A few years back I wrote about research into what it was like working under an “AI boss”. The paper found that while such an environment can be extremely productive, it can also be a dehumanizing affair. It was a situation replicated in a study by Alex Rosenblat into how Uber drivers feel about being managed by an algorithm.
A follow-up study from Penn State highlighted some clear areas for improvement for companies deploying algorithmic managers. It showed that while Uber’s AI performs many of the functions of a manager, drivers feel they have little ability to air grievances, pitch new ideas or even influence changes to their work, all of which would be possible with a human manager. This is compounded by the fact that most decisions made by Uber about their platform focus on the customer rather than the driver.
“All of Uber’s different management decisions are embodied in the platform as the company’s platform is actually doing the management,” the authors say. “When we looked at it, Uber’s platform seems to focus on one user — the person who wants a ride — somewhat at the expense of the drivers.”
Fair workplaces
This inherent sense of fairness is crucial, as it underpins how people feel when they’re managed by AI systems. A study from researchers at Carnegie Mellon found that by and large, people are quite happy to be managed by AI.
There is a but, however. People were happy with an AI boss so long as everything was running smoothly. If there were disagreements or things the employees wanted to change, then it resulted in a rapid deterioration in the relationship.
Research from Kellogg School of Management also shows how algorithmic management can influence the behavior of those under its charge. The study examined a gig economy platform that aims to help freelancers find work from around the world. As is common on these platforms, each freelancer is rated according to an algorithm that analyzes various factors relating to their performance in order to help buyers find the most suitable candidate.
Influencing behavior
The researcher went undercover on the platform and conducted interviews with both freelancers and the people hiring them. He also assessed formal and informal communication from the company and on their discussion forums.
It quickly became clear that freelancers were extremely anxious about their score and were concerned about it inexplicably going down. This fear was especially pronounced if the individuals had experienced such falls in the past, and especially so if they were dependent on the platform for income.

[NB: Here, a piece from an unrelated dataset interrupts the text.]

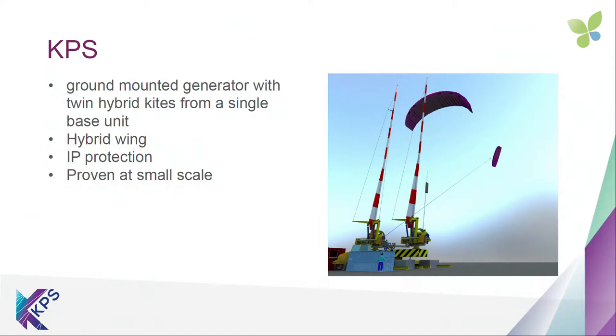Our solution is based on a single generator mounted adjacent to a base plate. From that base plate, two kites will fly — one on a power stroke at any one time, and one being recovered. The kite flying the power stroke flies across the wind, so its speed through the air is significantly greater than the speed of the tether, which puts tension on and turns the drum to generate electricity. The kite being recovered uses significantly less energy than is being generated — less than 10%. We use a hybrid wing, which is a combination of carbon and materials akin to those used in microlights.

“Opaque third-party evaluations can create an ‘invisible cage’ for workers,” the researcher writes, “because they experience such evaluations as a form of control and yet cannot decipher or learn from the criteria for success.”
Lack of transparency
When the researcher first joined the platform the rating system was fairly transparent, in that freelancers were judged on the scores given for projects, with higher value projects given more weight in determining their overall score. When this approach failed to differentiate between freelancers, however, a more opaque algorithm was used instead.
The introduction of the algorithm significantly reduced the number of freelancers awarded the highest scores, and this helped to create a sense of paranoia around their scores, not least due to the lack of transparency around how the scores were constructed and how they might seek to improve them.
“What surprised me the most was that the highest performers and most experienced freelancers on the platform didn’t necessarily gain any advantage in terms of figuring out how the algorithm worked,” the researcher says. “Generally, those who do well in a system are able to figure out what’s going on to some extent. But in this context, even people whose scores hadn’t changed were very much on edge.”
Reacting to the system
Some freelancers reported that they tried to experiment in an attempt to understand how the system was rating them. Others, however, responded by constraining their activity in a bid to avoid the system entirely, such as by encouraging clients to move work off of the platform as quickly as possible.
The study suggests that the path taken by any given freelancer depended largely on the dependence on the platform for their income and whether they had experienced a fall in their score previously or not.
For instance, highly-rated freelancers who also got a lot of their income from the platform were heavily influenced by any recent fall in their score, with those freelancers tending to experiment to try and return their score to its former status. If no such fall had occurred, then freelancers would adopt the second strategy in order to try and protect their score.
The whole system is highly precarious, as while performance appraisals in traditional employment are designed, at least in part, to help elicit improvements in performance, on gig economy platforms they are designed largely to weed out the poorer performers and help buyers gravitate towards the top performers.
“For the platforms, it’s about them optimizing their overall dynamics; their primary goal is not to help workers improve,” the author says. “For people’s day-to-day lived experiences, especially when they’re relying on the platform for work, this can be very frustrating and difficult.”
As is so often the case, it is those who are most vulnerable and most dependent on the platforms that are most likely to be living in this “invisible cage”.
“The hope of bringing this invisible-cage metaphor to the forefront is to bring awareness to this phenomenon, and hopefully in a way that people can relate to,” the author concludes. “Of course, even when we become aware of it, it’s difficult to know what to do, given the complexity of these systems and the rate at which their algorithms change.”